As the paddle-swinging guide of this very raft under discussion, I hope to put this comedy to rest. Why such an event was not left to comical barstool conversation instead of a publicly posted comment, I’ll never know. Over the years, this website has amazed me how it can bring people to spend more time writing about boating than actual time on the water. But, for those of you seeking truth, I offer you first-hand perspective. 

From what I see, the comments accumulated here fall from two distinct categories. 1. Comments from guides / former guides. 2. Comments from non-guides. For those of you in the first group, thank you. For the critics in both groups, however, I present one thought provoking question: Have you ever guided customers down Gore Canyon or any other Class 5?... Anyone? Bueller…

As a class 5 kayaker myself, I understand the luxury of being responsible for only one’s self. Yet having the responsibility and burden of being in charge of additional lives in Class 5 whitewater is something few can relate to. 

Over the last 16 years in commercial rafting (7.5 of them in our canyon of topic), I’ve come across perhaps 6 or 7 special people that have required a physical blow to the helmet or pfd to get them to calm down and listen. That Friday was one of those days. It was a first for me in Gore, and the first time I ever had to swing way out to hit a guy in the front of the boat. And, guess what Boilermaker? - It worked, but only for a few minutes. We had plenty more challenges that day. 

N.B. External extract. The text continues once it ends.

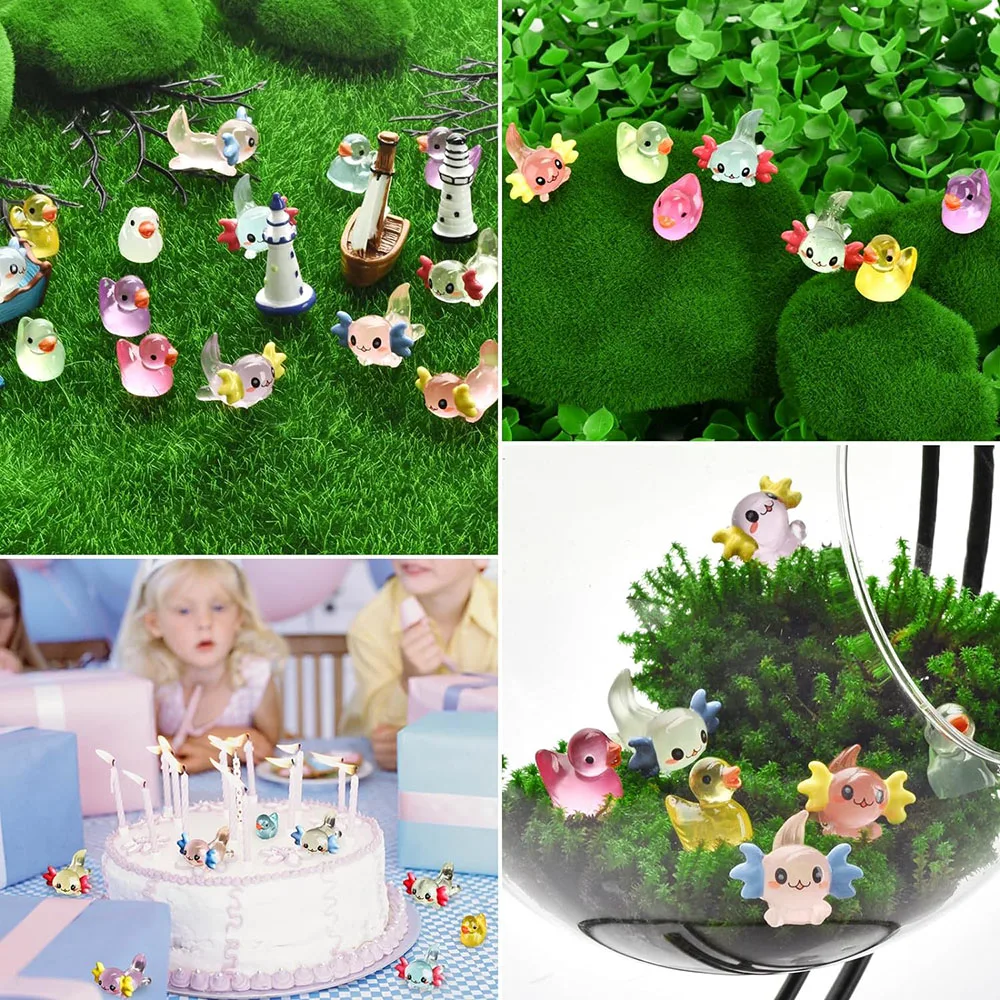 24Pcs Luminous Mini Axolotl Resin Figurine Axolotls Ducks Miniature Garden Landscape Aquarium Potted Plant Dollhouse Ornament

I, too, find it a little funny each time I’ve had to actually hit someone, and assure the baseball-bat-comparing critics that I’ve never made it hurt. In Class 3 water, I’d typically count how many times I’d have to say the word “stop” before it worked. Nine times is my record. Think about that. In Gore, guides don’t have time to say things twice, let alone 9 times. Now, I’d be willing to bet that Mogur has never seen Gore Canyon, but his oh so educational and rare #1 is true and occurred that day. Typically, Gore customers are of higher-caliber, but there are simply no guarantees. REZ427 - You’re the man, but I’ve taken countless newbies down there for multiple companies. Customer screening is not always perfect, and none of them have any clue about the dangers there. 

The group that Friday clearly had never been introduced to the urgency of a life and death situation until that comical and dangerous moment witnessed at Scissors. These tender young souls earned the title of my 2nd worst group taken down this canyon, and they have no idea how close they came to a brutal beatdown. That day will not exit my memory any time soon. 

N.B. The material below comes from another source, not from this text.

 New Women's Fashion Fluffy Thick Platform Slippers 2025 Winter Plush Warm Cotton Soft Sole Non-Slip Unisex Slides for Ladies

I’ve seen too much nasty shit go down in that canyon and I’ve been around too many dead people to want to watch MY first customer die there. Equally, I do no want anyone else’s crapulance to get me killed. After years of success and failure teaching many thousands of people how to paddle, I’ve learned how to keep my instructions clear and simple. The level of clarity, sincerity, and intensity I have with my customers in Gore is obnoxiously thorough. No amount of additional explanation was helping these special people become more balanced, calm or capable either. Had those people had a more docile guide, one that didn’t end up dropping his 1st, 2nd, 3rd, and 4th F bomb of the season that day, someone could have died. Some people should just stick to board games. 

So to all of you bloggers and critics out there, understand this. When my crew’s lives are in danger and one guy is about to get us all killed, I guaranfuckingtee, that I will again, without shame, strike another customer with my paddle to regain their attention. If you have any questions or doubts behind this perspective, I suggest you visit this canyon and take a few customers down yourself. You will likely either end up high-fiving your paddle enthusiastically, or want to hit someone with it. 
Cheers.
K


Stubby - Ideal raft flows are 700-1400. 1200 is my favorite. Major props to the guys that paddled it this spring at 9K. By far the biggest successful run ever. Jeuvos gigante.
Studytime - You try it. I’ll film it and blog about it on mountainbuzz.
DeepSouth and friends - You know how I knew you were from Denver?


----------



## paulk (Apr 24, 2006)

right but why did you hit the poor man


----------



## raftus (Jul 20, 2005)

paulk said:


> right but why did you hit the poor man


Shirley, you can't be serious.


----------



## Theophilus (Mar 11, 2008)

Violence is never the answer.


----------



## UserName (Sep 7, 2007)

> I, too, find it a little funny each time I’ve had to actually hit someone,....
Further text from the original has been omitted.